The Texas American Federation of Teachers filed the lawsuit January 6 in U.S. District Court in Austin, naming Education Commissioner Mike Morath and the Texas Education Agency as defendants. The directive didn’t define those terms. It didn’t require any showing that the posts disrupted school operations. It told districts to start filing complaints.

What followed was predictable: a flood of reports, most anonymous, submitted through a state hotline. Local school boards, uncertain about what the vague policy required and facing pressure from officials, began firing and suspending teachers. Some educators deleted their social media accounts entirely. Others stopped posting anything remotely political, afraid that a comment on current events might cost them their career.

The State’s Directive

Some educators posted commentary about Kirk’s death. The posts varied widely. Some criticized Kirk’s political positions. Some expressed what could be called schadenfreude. Others asked questions about the circumstances of his assassination or commented on what they saw as irony in how he died.

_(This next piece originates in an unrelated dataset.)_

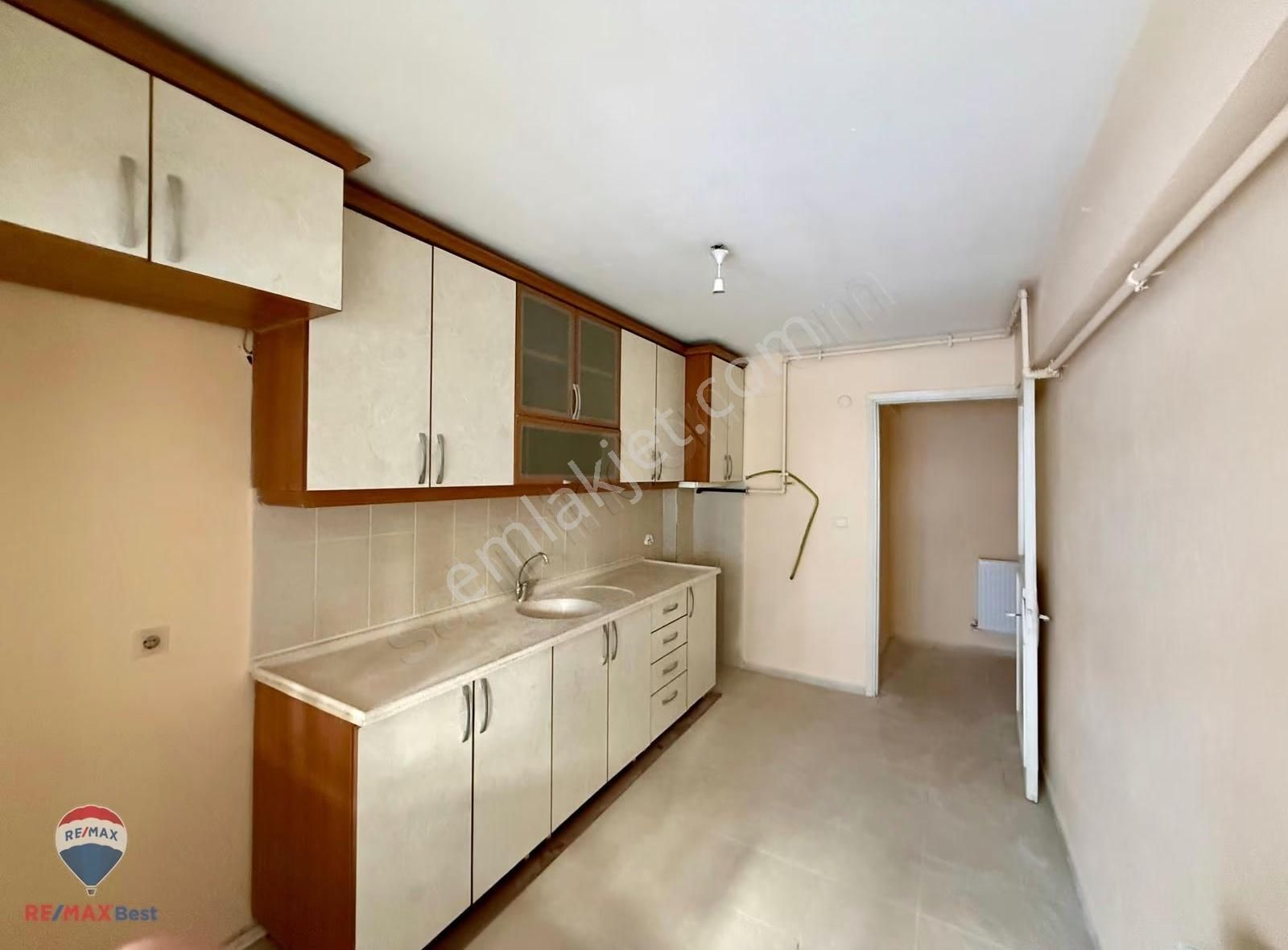 4 Güzelyalı Parkına Yakın Doğalgazlı Otoparklı Kiralık Daire - Görsel 7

The directive didn’t define what counted as “vile.” It didn’t explain what distinguished protected political commentary from punishable speech. It didn’t require any evidence that posts had disrupted school operations or affected a teacher’s ability to do their job—the standard that decades of First Amendment case law demands before government employers can discipline speech.

The result was chaos. While the Texas Education Agency insists no state-level sanctions have been imposed yet, local school districts, responding to Morath’s directive and the resulting complaint avalanche, fired teachers, suspended them, placed them on administrative leave, and issued formal reprimands that will follow them for the rest of their careers.

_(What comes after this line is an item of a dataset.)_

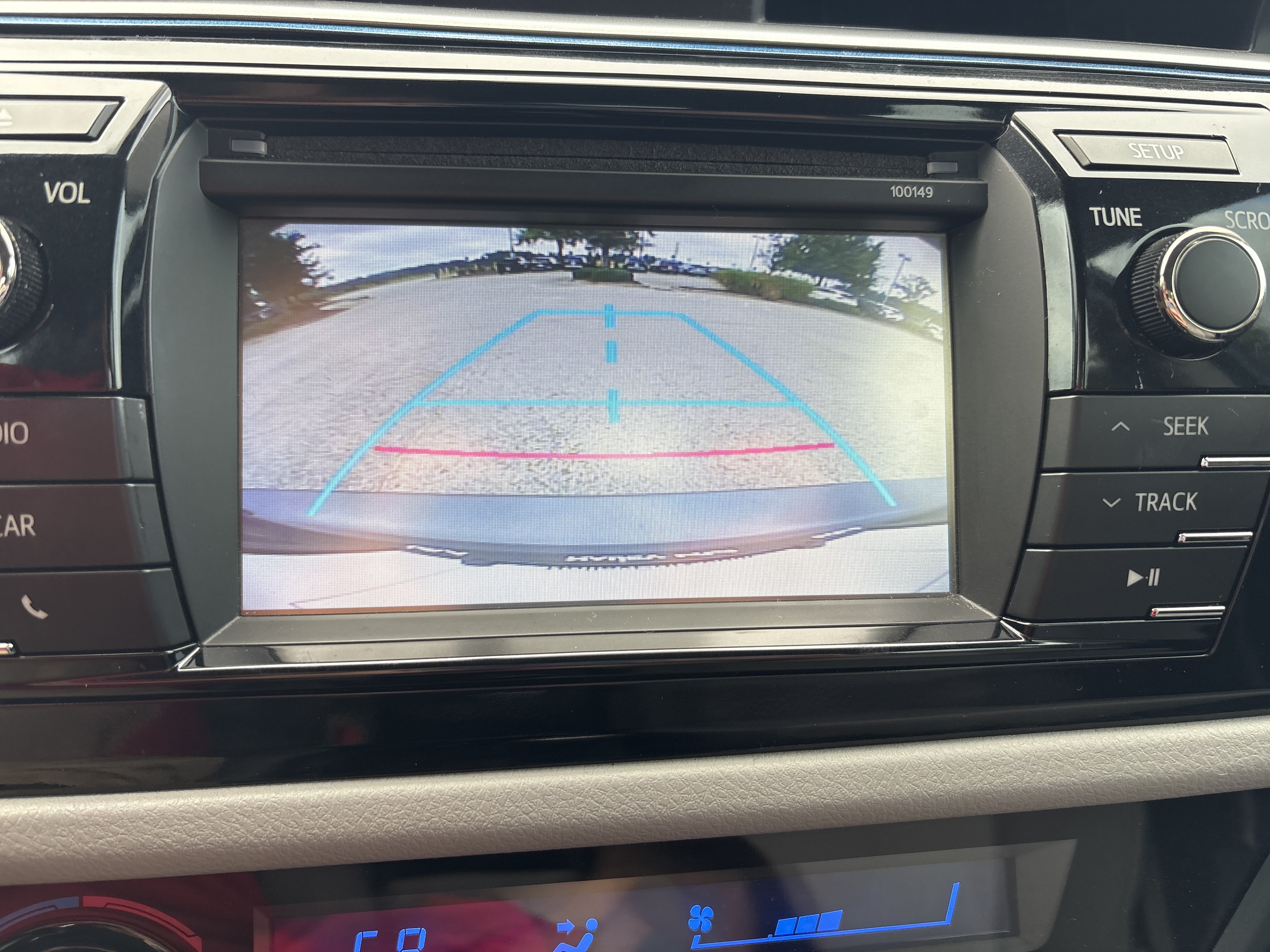 Used 2015 Toyota Corolla LE FWD image 29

Four Educators Under Investigation

The lawsuit describes four specific educators—identified anonymously because some have received death threats—who faced severe consequences for posts the union argues were constitutionally protected political speech made on personal accounts during non-working hours.

Two other teachers remain under investigation for posts that criticized Kirk’s public statements about Black Americans, immigrants, women, and LGBTQ individuals—political commentary that would normally fall within First Amendment protections when directed at a public figure.

Some teachers were doxed, their personal information and home addresses published online, leading to death threats against them and their families.

Teachers who lose their jobs this way risk losing their teaching licenses permanently.

The Constitutional Argument

The union’s legal theory is straightforward: officials violated educators’ First Amendment rights by retaliating against them for expressing opinions as private citizens on matters of public concern.

The union argues that none of the disciplined teachers faced consequences because their posts disrupted school operations. They were investigated solely because officials disapproved of their political viewpoints.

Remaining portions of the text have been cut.